You wanna fight? There's only one ninja left, and that means I'm death incarnate!
- The page image comes from a scene from Sam and Fuzzy, where Mr. Blank takes on the mook legions of Mr. Black. Blank and Black are both blankfaces, elite ninja assassins, while the mooks are... well, they're mooks. As Mister Blank puts it about two minutes later: "Looks like I might have to change my name to Mr. Red!"
- Justified in Fans! when Team Alpha faces the golems of the Order of the Dragon. The larger the summoned army, the more the Order members have to spread their power among the individual units, resulting in a frightening number of mooks that all drop with one hit.
- Sluggy Freelance: In "The Sci-fi Adventure", the spaceship Torg and Riff are on is attacked by a group of xenomorph-style aliens in space. The crewmen shoot them easily in zero gravity outside the ship (when there are a lot of them), but one of them manages to infect one of the humans, causing one more alien to burst out of him inside the ship and go on a rampage. She starts killing crew members effortlessly by herself, until only Riff and Torg are left, at which point they find some big guns and shoot her down.
- Girl Genius used it in all ways.
- Dr. Beetle tried to pull this as he "put all his eggs in one basket" with one huge clank Mr. Tock and didn't even call for reinforcements immediately. This didn't work for very long.
- Gil goes out alone, likely in full knowledge of this trope, to face off against an army of invading clanks. Naturally, he destroys some and forces surrender from the rest. The most hilarious portion of this sequence is that the invading army's general realizes what's going on and attempts to have Gil shot before he can do anything.
- He did have a
really powerful weaponMagnificent Deathray. It is elsewhere established that most of the crazy inventors who try to face off against armies with their lone death ray tend to meet a predictable end.
- He did have a
- Later two airships full of Wulfenbach Stealth Fighters were chasing the Vespiary Squad. They even managed to kill or wound most of this crack team, but ran into a few Jäger generals and a Smoke Knight who in turn massacred them and made it look insultingly easy.

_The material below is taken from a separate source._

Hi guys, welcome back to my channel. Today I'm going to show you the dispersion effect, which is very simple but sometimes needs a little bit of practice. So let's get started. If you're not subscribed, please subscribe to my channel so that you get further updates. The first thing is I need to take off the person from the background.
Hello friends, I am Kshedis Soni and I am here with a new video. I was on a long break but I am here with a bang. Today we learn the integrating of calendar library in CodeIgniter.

- The Heterodyne monster held by the Corbettite order, one it escapes. The entire order of badass monks who have been confiscating and hiding weapons for hundreds of years, the airship fleet of the current claimant to the Storm King throne, and the main characters together can barely do anything until Agatha figures out its weakpoint.
- It's one of 14 Things That Never Happen in Real Life◊.

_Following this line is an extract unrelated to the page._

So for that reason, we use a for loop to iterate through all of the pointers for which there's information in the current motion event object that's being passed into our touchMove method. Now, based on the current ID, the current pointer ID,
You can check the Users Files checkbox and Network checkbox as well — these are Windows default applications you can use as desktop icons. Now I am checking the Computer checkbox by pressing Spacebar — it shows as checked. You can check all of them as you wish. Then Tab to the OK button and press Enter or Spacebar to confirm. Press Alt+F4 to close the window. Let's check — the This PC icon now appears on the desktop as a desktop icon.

- Lampshaded in Captain SNES in a guest comic showing various characters' respective ideas of heaven and hell. In Edge's heaven, he is surrounded by 9 obviously lovestruck Rydias. Edge acknowledges the readers knowledge that this would probobly be too much for one person, before stating "I have 3 words for you. Inverse. Ninja. Law."

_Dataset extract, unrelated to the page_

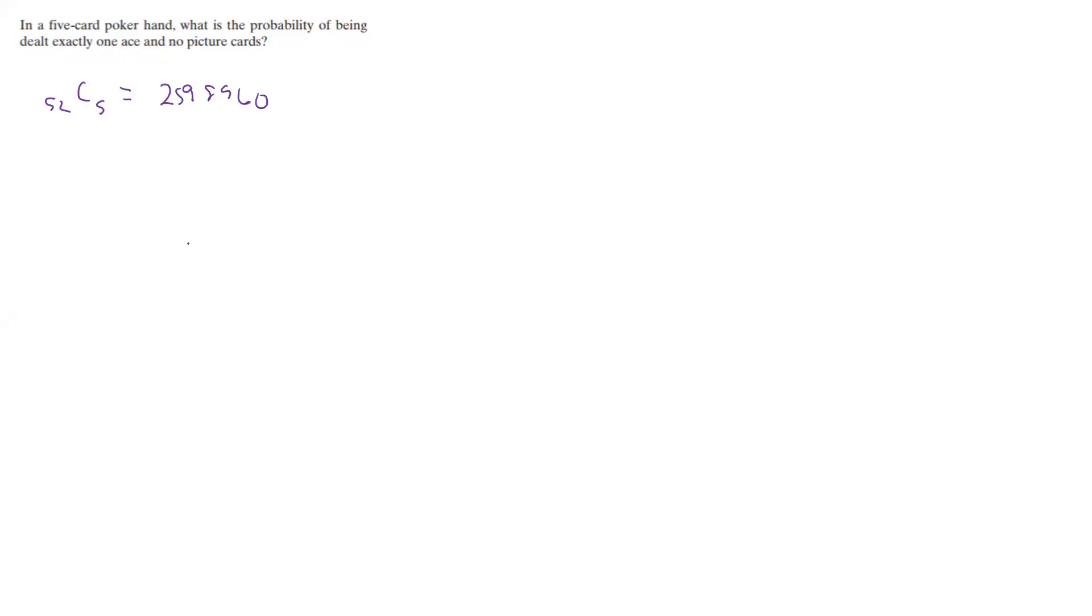Now thinking about how many ways we can get one ace - well, there's four aces and we're being dealt one. So we're going to take that and then multiply by how many possible cards are left after that.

- In Dragon Mango, Peaches comments on how much easier it was to fight a bunch, and Bleu Berry explains as a scientific principle. They call it the "Snow Dancer Syndrome."
- Invoked, lampshaded, discussed, and finally both justified and played straight by Vehemence in Grrl Power.
- Invoked by Vehemence personally, who stays out of the fight until every other super villain is beaten.
- Lampshaded on his behalf by Sydney, who realizes that as the last villain standing and one who's refused to fight before now, he's probably the toughest and will take a lot to beat, with her loudly calling "inverse ninja!" on it.
- It's then discussed when Maxima tries to invoke reality on Sydney's assumption, with Sydney countering by pointing out "what's worse, one hundred storm troopers or one Darth Vader?"
- Finally played straight and justified when it's revealed Vehemence draws his power from vehemic energy...also known as violence in general, and he can get it just by watching. So showing up to a superhero fight and hanging around until the very end just makes him even more powerful and harder to beat by the time the heroes are done with everyone else.